The teams include Jamesburg Presbyterian Church in Jamesburg, advised by Shital Shah; John P. Stevens High School in Edison, advised by William McMullen; Morristown County 4-H in Morristown, advised by Luke McConoughey; and Montgomery High School in Skillman, advised by Daniel Lee.
Junior Jet Propulsion Lab is a second-year club at J.P. Stevens High and has garnered interest from students in rocketry and other aerospace/aviation fields.
Skillman’s team is all freshmen, and this is their first year competing in TARC.
Morristown is also competing in TARC for the first time.
Jamesburg Presbyterian is in the national finals for the first time.
This year’s rules require teams to design, build and launch a model rocket that safely carries two raw eggs to a target altitude of 835 feet, with a target flight duration of 41–44 seconds.

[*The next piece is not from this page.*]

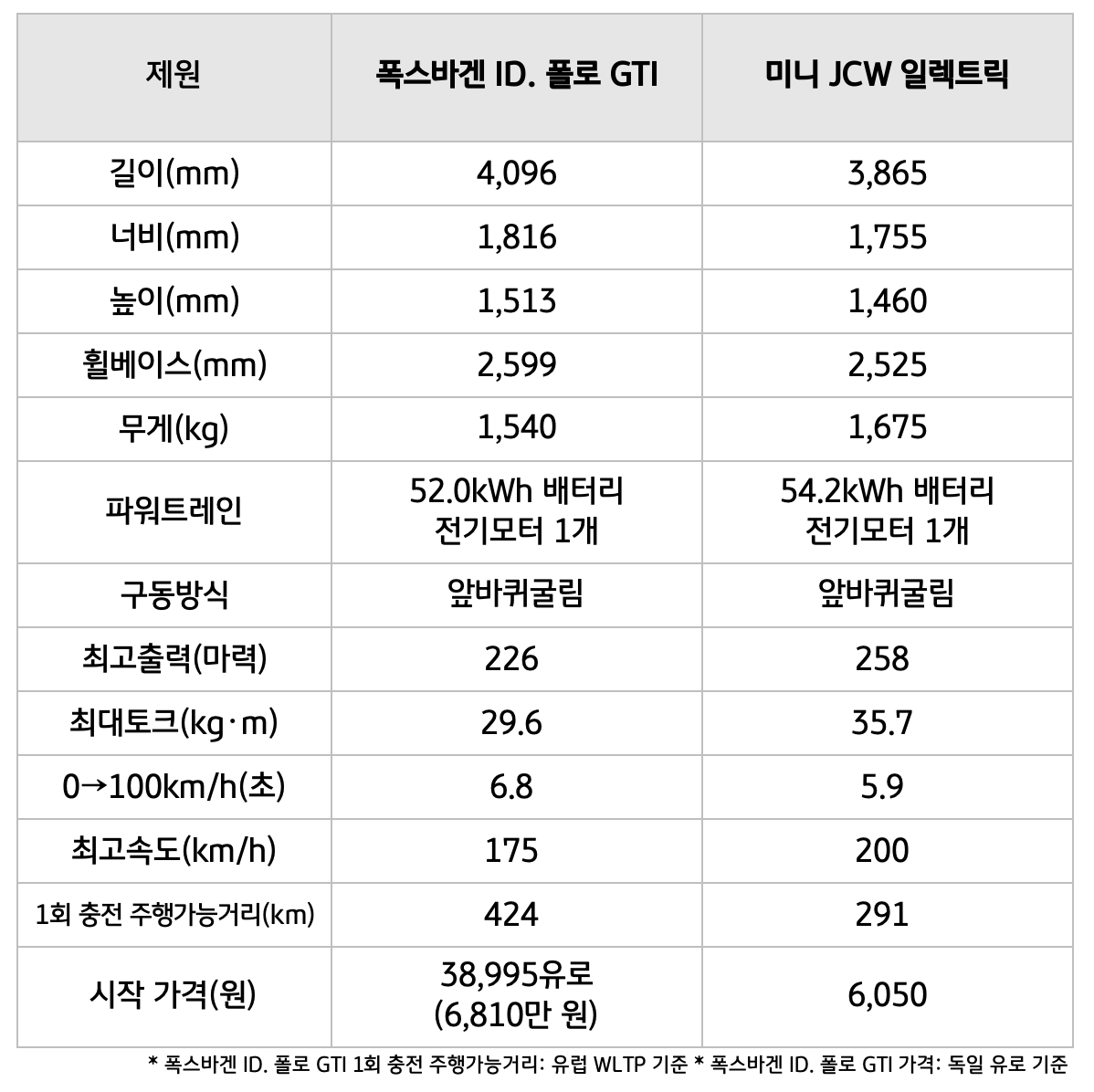 Specs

The contest involves more than 4,000 students from 41 states, and more than 720 teams submitting scores.
The students will compete against other teams at the national finals, taking place May 14 in The Plains, Virginia. In addition to competing for the title of national champion and an all-expense paid trip to London for the international finals, teams will be competing for $100,000 in prizes. The top 25 teams will automatically receive invitations to NASA’s Student Launch workshop.

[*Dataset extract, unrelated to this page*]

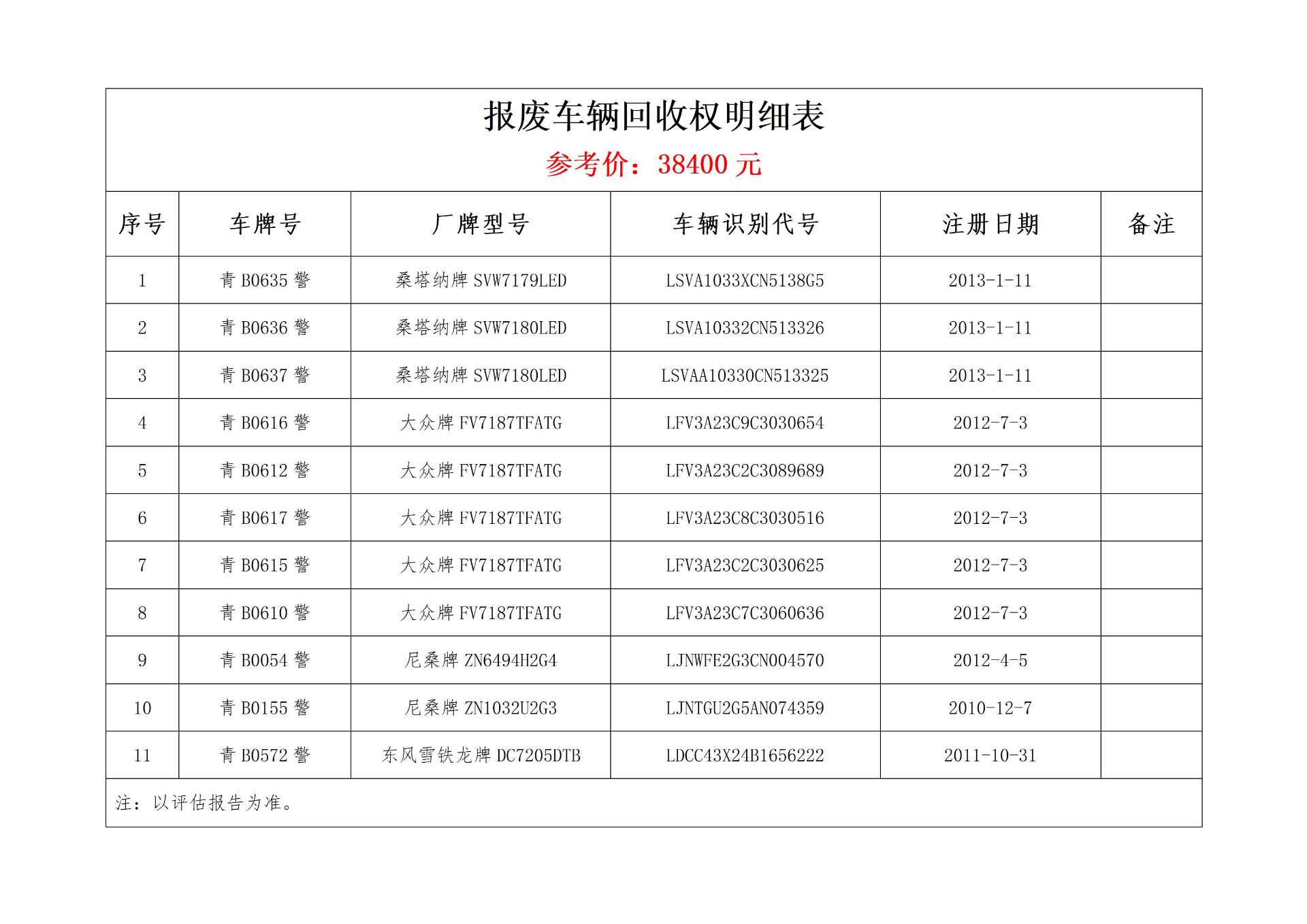 4月2日海东市报废车辆回收权拍卖公告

Sponsored by the Aerospace Industries Association (AIA), the National Association of Rocketry, and more than 20 industry partners, TARC is the aerospace and defense industry’s flagship program designed to encourage students to pursue study and careers in science, technology, engineering and math (STEM), according to information provided by Strategies 360. Now in its 20th year, the competition has inspired more than 85,000 middle and high school students to explore education and careers in STEM fields.
“The hands-on experience students gain as part of TARC creates limitless pathways in STEM and the aerospace industry, opening the door for them to be a part of the world’s most exciting innovations,” Eric Fanning, president and CEO of AIA, said in a prepared statement. “These students will be designing the rockets that will take us to Mars and beyond, and I can’t wait to see which of these incredible rocketeers will be crowned National Champion in May.”